D'ailleurs, pour que les agriculteurs puissent utiliser des produits phytosanitaires, ils doivent valider un certificat nommé "Certiphyto". Sans ce précieux sésame, impossible pour eux de s'approvisionner en herbicides chez les vendeurs spécialisés : "Nous sommes beaucoup plus encadrés, on ne va pas s'amuser à tricher car les sanctions sont très sévères", assure Jean-Michel Hamel, président de la FDSEA de la Manche. 

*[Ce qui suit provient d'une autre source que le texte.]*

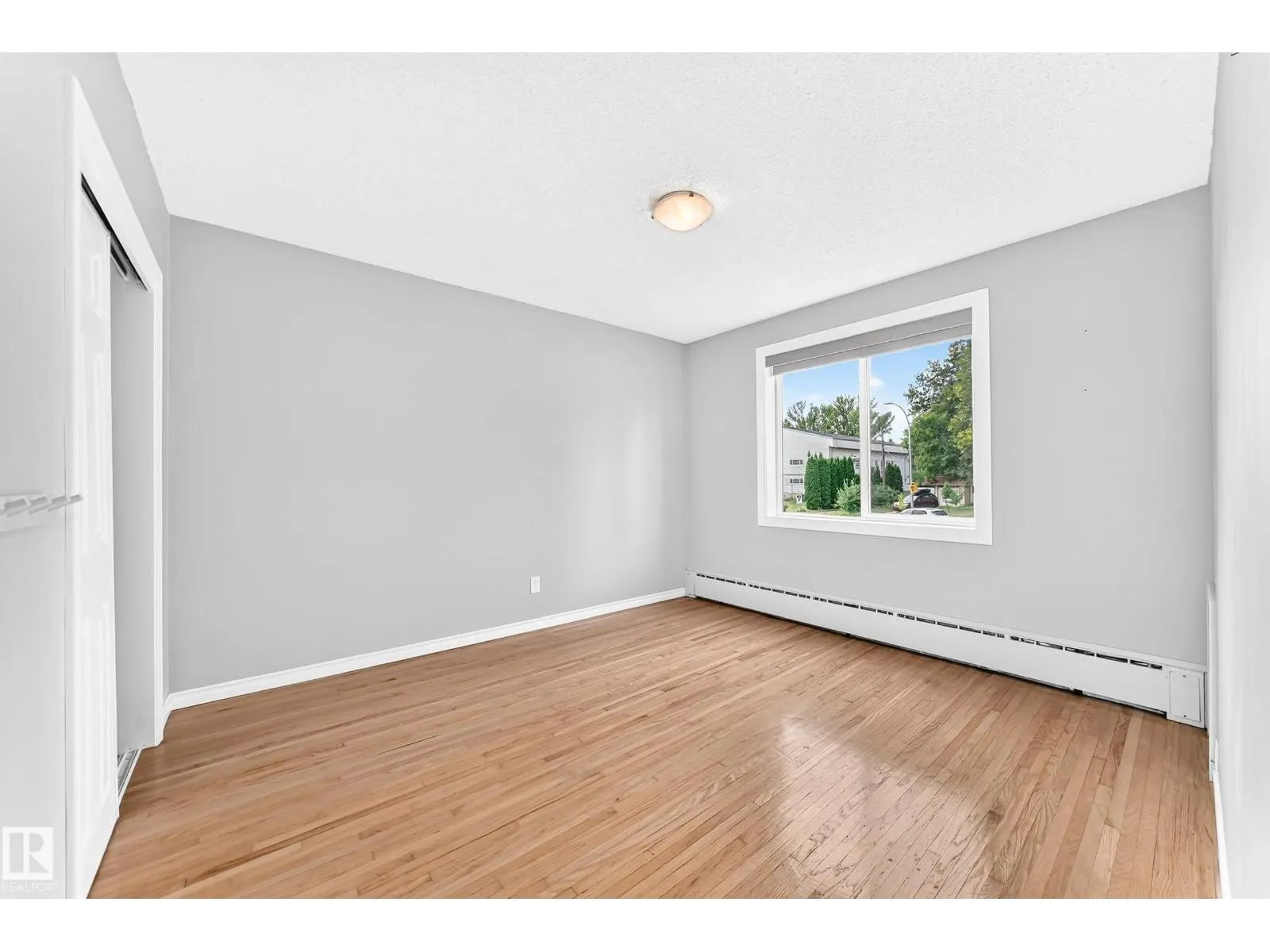 #8 7317 118 ST NW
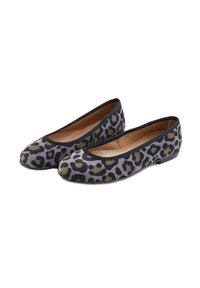 Zapatos planos de tela gris con estampado de leopardo en negro y oliva. Puntera redondeada, ribete negro a lo largo de la abertura y suela baja y plana.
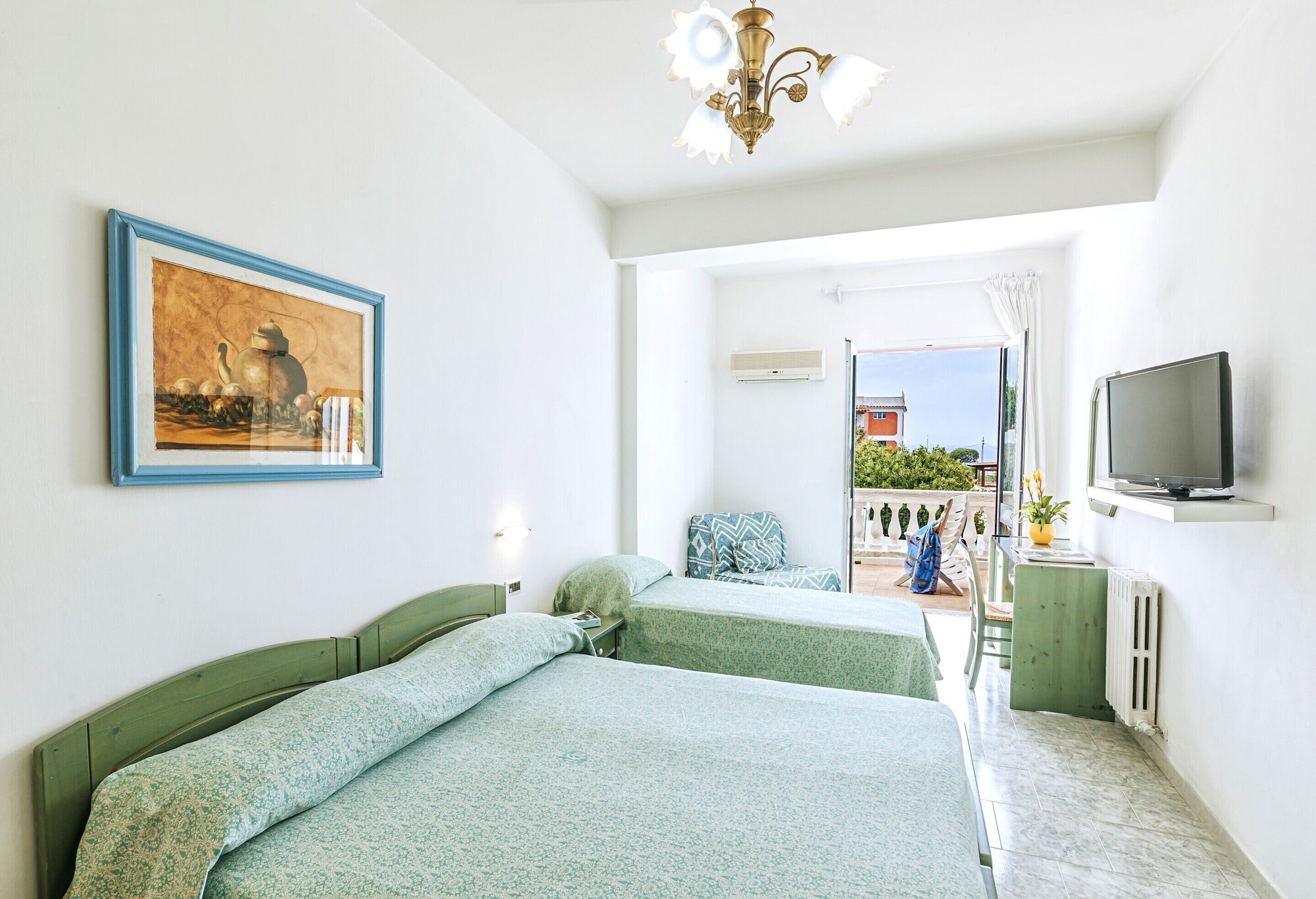 ROOM, TRIPLE, SEA VIEW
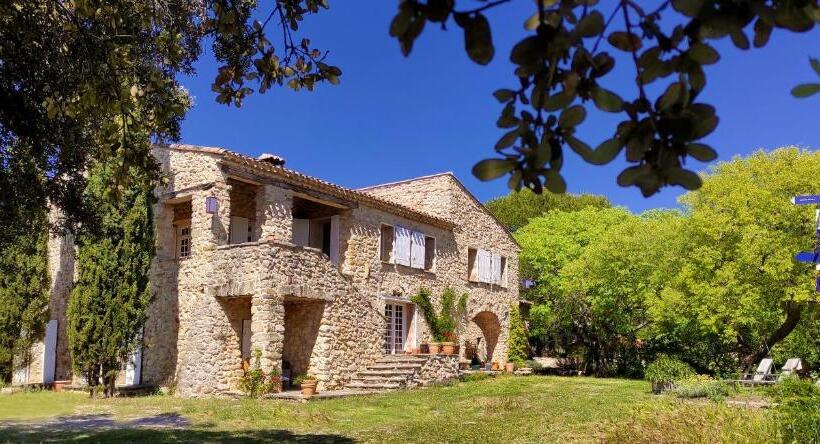 צימר Maison Catalina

Et quand on lance la filière agricole sur les pesticides interdits depuis plus de 20 ans que l'on retrouve encore aujourd'hui dans l'eau du robinet, la réaction ne se fait pas attendre :

"Les agriculteurs n'utilisent plus ces produits depuis des années, pourtant ils sont toujours dans les sols. Ils n'ont pas encore été totalement éliminés"

Stéphane Donckele

Elu à la chambre d'agriculture de Seine-Maritime

Il ajoute : "Et puis certains produits comme le glyphosate ont été autorisés par le gouvernement par le passé à tous, les particuliers en utilisaient autant qu'ils voulaient en se rendant simplement au supermarché, ça il ne faut pas l'oublier", rappelle l'élu à la chambre d'agriculture de Seine-Maritime.

"On utilise les produits phytosanitaires sans aucun abus aujourd'hui. C'est raisonnable et raisonné. La preuve puisque lorsque des pesticides sont détectés dans l'eau potable, ce ne sont jamais des quantités monstres" ajoute Stéphane Donckele. De son côté, Jean-Michel Hamel, président de la FDSEA de la Manche, souligne :

"C'est usant d'entendre que nous sommes des pollueurs ! Quel autre pays au monde fait autant attention à ce que ses habitants mangent ?"

Jean-Michel Hamel

Président FDSEA de la Manche

"Il y a de moins en moins d’agriculteurs, on aimerait bien que des jeunes s'installent. Si on n’a plus de paysans en France, on s’approvisionnera ailleurs et je ne suis pas sûr que les normes sanitaires soient mieux à l’étranger" conclut ce dernier.